JCRB|AJC continues to ensure that no one stands alone for justice

AJC CEO David Harris (far right) came to Kansas City in November 2018 to discuss the rise and nature of today’s anti-Semitism at a private event for JCRB|AJC supporters. Pictured with AJC’s top exec are JCRB|AJC Executive Director Gavriela Geller, JCRB|AJC board member and AJC Transatlantic Institute member Harvey Kaplan, JCRB|AJC advisory board member Bert Berkley and JCRB|AJC Board President Jason Krakow.

The Jewish Community Relations Bureau was founded in 1944, amid one of the greatest tragedies to befall the Jewish people, the Holocaust. 

The organization was established to combat discrimination and bigotry during a time when Jews and other minorities faced legal barriers in housing, higher education and many other aspects of American society. 

The organization is now known as Jewish Community Relations Bureau|AJC (JCRB|AJC) due to a merger with the local AJC chapter in 1991. Executive Director Gavriela Geller wrote in last month’s 2019 Human Relations Dinner program that the “progress made over the past 75 years is thanks to the moral courage and tenacity of great leaders in our community, and our allies.”

Today, JCRB|AJC continues its work to fight anti-Semitism, racism and bigotry, to build bridges of understanding throughout the Greater Kansas City community and to ensure that no one stands alone for justice. 

Geller’s been on the job as the agency’s executive director a little over a year. She hit the ground running as the worldwide Jewish community was grieving following the shootings at the Tree of Life Congregation in Pittsburgh. That initiation by fire in her new job at JCRB|AJC, along with her day-to-day interactions with people inside and outside the Jewish community, have helped her understand that JCRB|AJC has “come a long way from where the Jewish community was 75 years ago in terms of our own standing as a minority in Kansas City.”

“We’ve done an incredible job of creating real and lasting relationships with other minority and faith communities,” she said in a recent interview. “JCRB|AJC has made it known that the Jewish community is a partner and an ally and has made our priorities known to our partners.”

Common values — such as welcoming the stranger, standing for immigrants’ rights and making justice for all a priority — is just one of the common threads that bind JCRB|AJC with other faith and minority communities.

“It’s really important, in my opinion, when we talk about fighting anti-Semitism to understand that it is not possible to fight anti-Semitism without addressing other forms of hatred and demonization and negative stereotypes, Geller said. “All of those issues end up coming back to affect our community. If we want to create real reciprocal relationships with minority and faith communities, we have to be willing to care about their issues as well.”
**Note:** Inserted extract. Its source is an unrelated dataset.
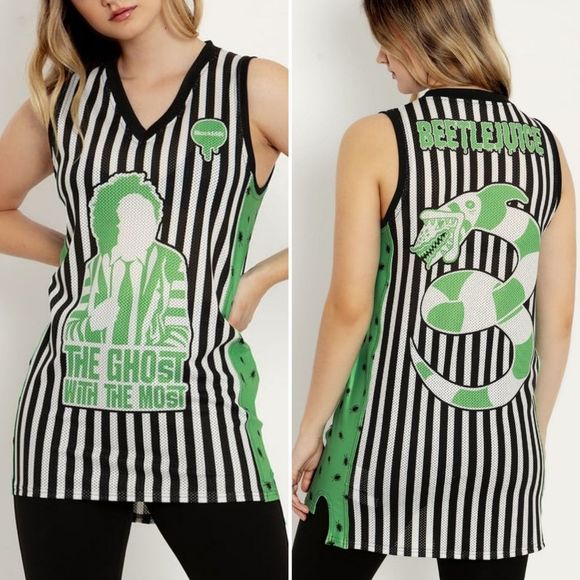 NWT Blackmilk Beetlejuice Shooter Jersey Sandworm Top - Picture 1 of 10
Over the years, JCRB|AJC has “done a wonderful job of creating close relationships with our elected officials and helping the Jewish community’s voice be heard in our legislative process,” Geller said. That political advocacy work, she said, along with the agency’s interfaith work and helping people understand the Jewish community’s priorities, help the agency “continue to make an impact in the community.”

 

Natan Sharansky (third from left), who spent nine years in Soviet prisons in the 1970s and 1980s, came to Kansas City to speak about the plight of Soviet Jewry after he was allowed to emigrate. Later in his career he served as chairman of the Jewish Agency for Israel. He is shown with Mark Gilgus (from left), Judy Hellman, Harvey Kaplan, David Goldstein and Rabbi Mark Levin.

Israel advocacy

Falling under the umbrella of building bridges of understanding is JCRB|AJC’s advocacy work in support of Israel and stressing the importance of Israel’s well-being to the Jewish community. Geller said, “There is a lack of nuanced engagement when it comes to Israel, particularly in a political climate that is becoming more and more polarized.”

Because of that, Geller thinks JCRB|AJC will need to connect with the Jewish community to educate its members on controversial or complicated topics related to Israel, “so that people can feel more confident engaging with their non-Jewish friends and networks and colleagues around the issue.”

“People tend to shy away when they feel like they aren’t equipped to handle a complex conversation,” Geller added. “There’s certainly a lot of work to be done in helping members of our community to understand the situation from a more nuanced perspective.” 

Geller said supporting Israel would continue to be one of JCRB|AJC’s objectives.

“Unfortunately, supporting Israel continues to be necessary and relevant regardless of where anybody falls on the political spectrum,” she said. “We see a lot of misconceptions and hostility when it comes to Israel.”

 

Highlighting 75 years of success

One of the big issues of the day 40 or so years ago for JCRB|AJC was its work to help free Jews in the former Soviet Union in the 1970s, ’80s and ’90s.

“The community came together around the Soviet Jewry movement,” Geller said. 

JCRB|AJC is also proud of its efforts during the farm crisis in the 1980s. Geller said the agency helped ensure that the Posse Comitatus and other white nationalist movements in rural, farm areas in Kansas and Missouri did not grow stronger. 

“We did a good job of assessing and dealing with that threat of growing anti-Semitism in rural farming areas,” she said. 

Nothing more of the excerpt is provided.